The Memory Rights Uprising

by David Shulman

Pub Date: April 16th, 2024
ISBN: 9798350918830
Publisher: BookBaby

In the near future, two lawyers battle over a company’s rights to own memories in Shulman’s speculative novel.

A company named Cortx—“an industry leader at the forefront of neurotech and nootropic research and development”—has recently unveiled new cinema technology that embeds films directly into memory. However, cinemagoers incur ongoing charges for storing these film memories. Memory-rights activists challenge Cortx’s practices in court; suave and self-confident defense lawyer Ken Marshall represents Cortx while the resolutely un-suave Gil Hinchliff, who suffers from chronic nightmares and hallucinations, leads the case for the Memory Rights Alliance. As the trial moves forward, the narrative cuts between the present and past, following Gil and the early rise of the MRA in response to an increasingly memory-centric culture. The narrative’s scope continues to widen as the story develops, with new characters quickly introduced and soon discarded. The author, a BAFTA and TV Academy Award-winning documentary producer and director, labels his chapters “Scenes,” and they often read like sketches for a screenplay, each described with vivid imagery intended to be visualized and structured with the novelistic equivalent of quick cuts. The cross-cutting between past and present, with such a large cast, is suited for cinema storytelling but can be a touch difficult to follow in a novel. The story ultimately centers around a love triangle, corporate espionage, and regular philosophical discussions about the meaning of memory.

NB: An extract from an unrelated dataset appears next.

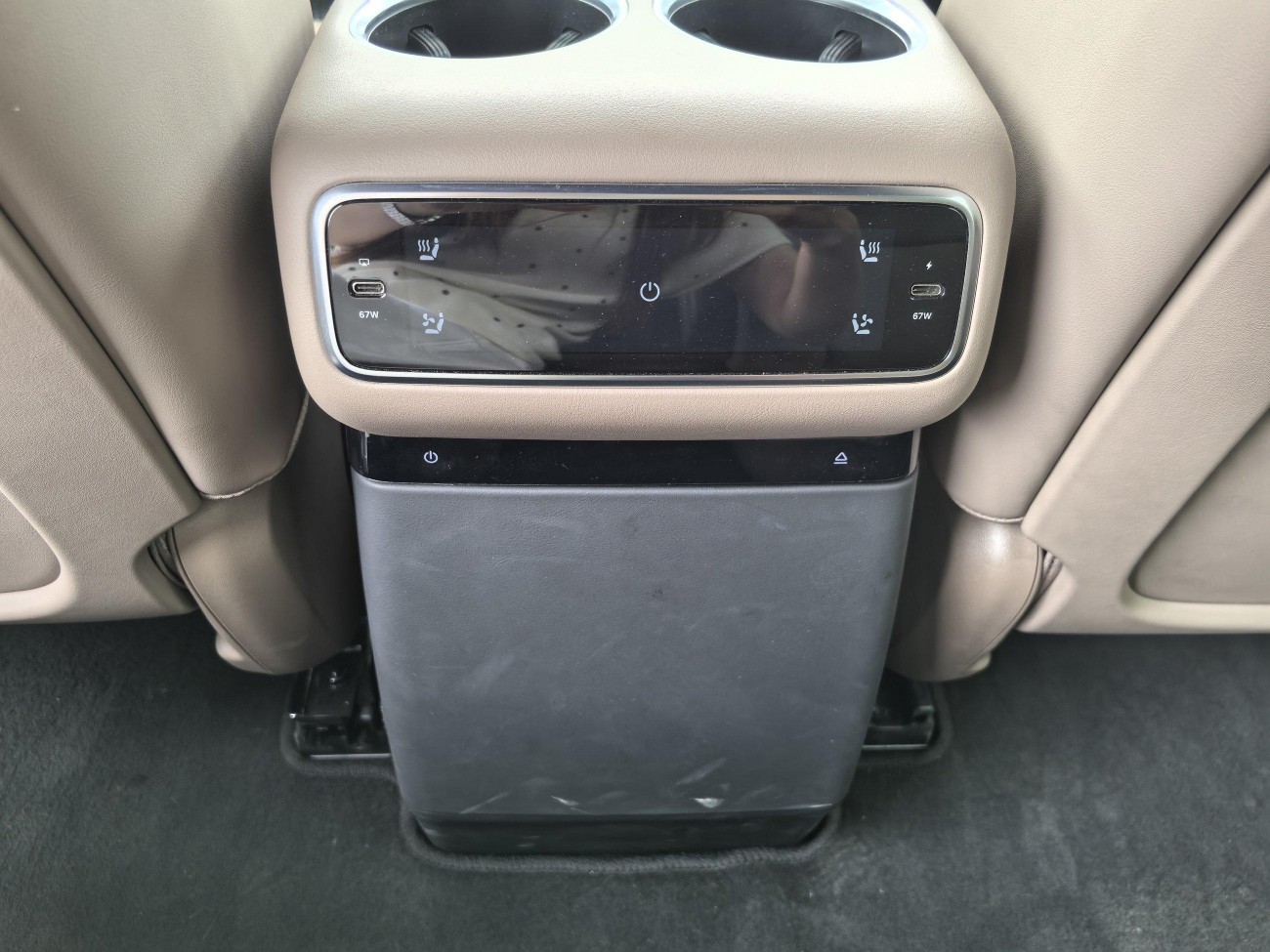 Li Auto L8 2025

Gil calls several philosophers to the stand to testify, including Oxford Professor Abidemi Okafor, who suggests that memories “live and breathe, get buried, transmute, become distorted, or exaggerated, or forgotten,” and that solidifying them might strip away crucial aspects of identity. It is in these debates about the nature of memory that the novel truly springs to life.

A thought-provoking, if occasionally unwieldy, exploration of agency in an age of corporate control.